Minister Steele told reporters that while sourcing other vaccines is still on the cards “at this point in time, we only have access to the AstraZeneca vaccines”.
“We have said, and we will maintain our principle that we will only access vaccines that are approved by the WHO. So, we continue to try and get others that are approved but up to this point in time, we do not have confirmed access to any other type of vaccine. AstraZeneca is one of the most widely used vaccines in the world, and is extremely effective, and therefore, what I hope we focus on is the fact that the purpose of the vaccine is not like choosing one colour over another colour or one type of food or so. It is to take a vaccine that is effective (and) protect us and AstraZeneca vaccine is effective and it will protect us.
With a population of around 107, 000 persons, only 17, 070 have received the first dose of the Oxford AstraZeneca vaccine, while 7, 919 have received the second dose from a batch of 50, 000 vaccines, which are scheduled to expire June 27.

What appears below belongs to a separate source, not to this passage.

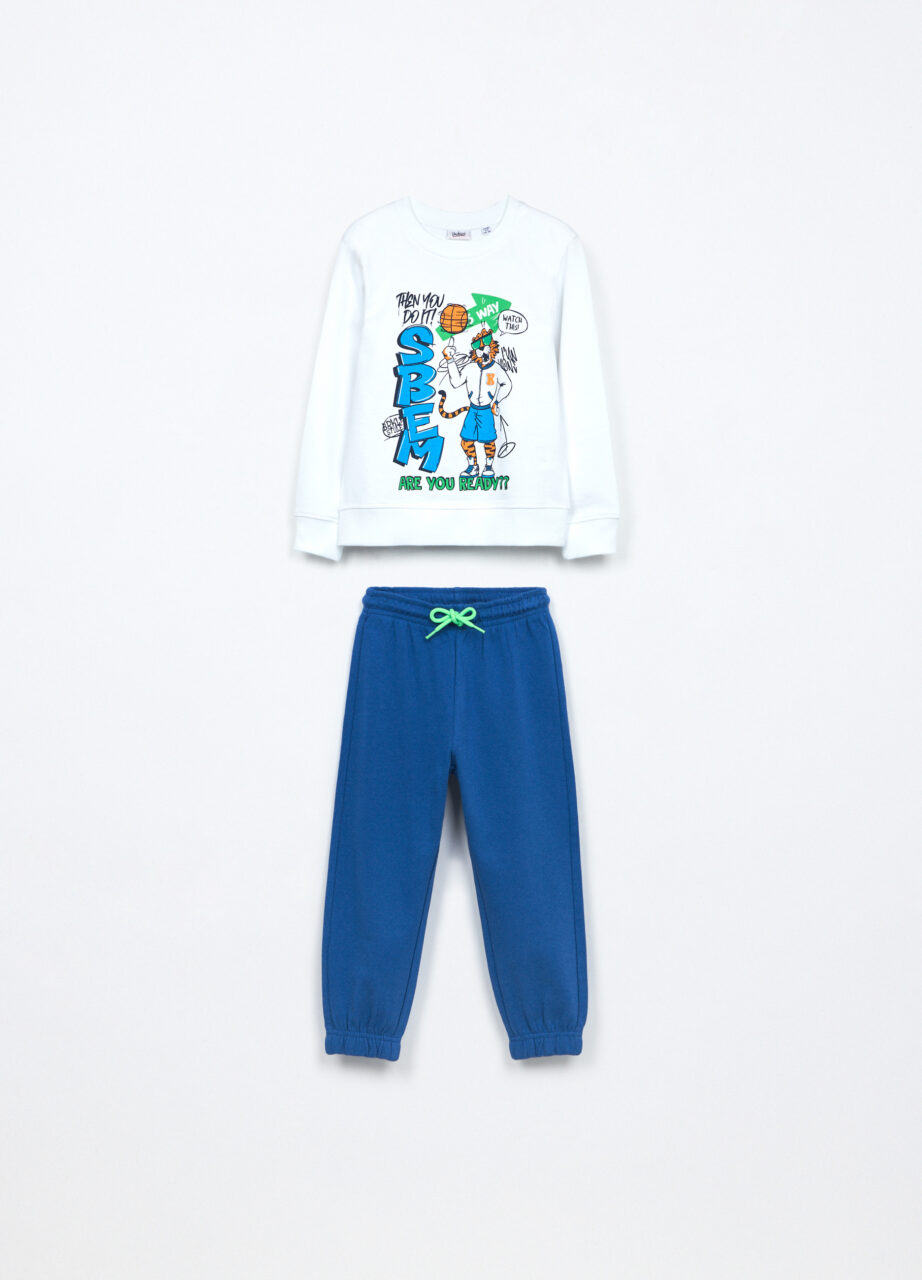 Dječiji trenerka-set od čistog pamuka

Although health officials are optimistic that all the vaccines can be used between now and the expiry date at the end of June, the government has been approached by other countries with a larger immunisation uptake, and considerations will be made to donate the excess to these countries.
Acting Chief Medical Officer Dr. Shawn Charles said: “The vaccines that we have on hand, their expiry date is coming to the end of June (and) we are seriously looking at our present uptake to determine the number of doses that we will administer by that expiry date.
“The excess that we are not able to administer, we have considered sending it to countries who have a better uptake…and we will do that at least with time enough so that they would be able to administer those vaccines,” he added.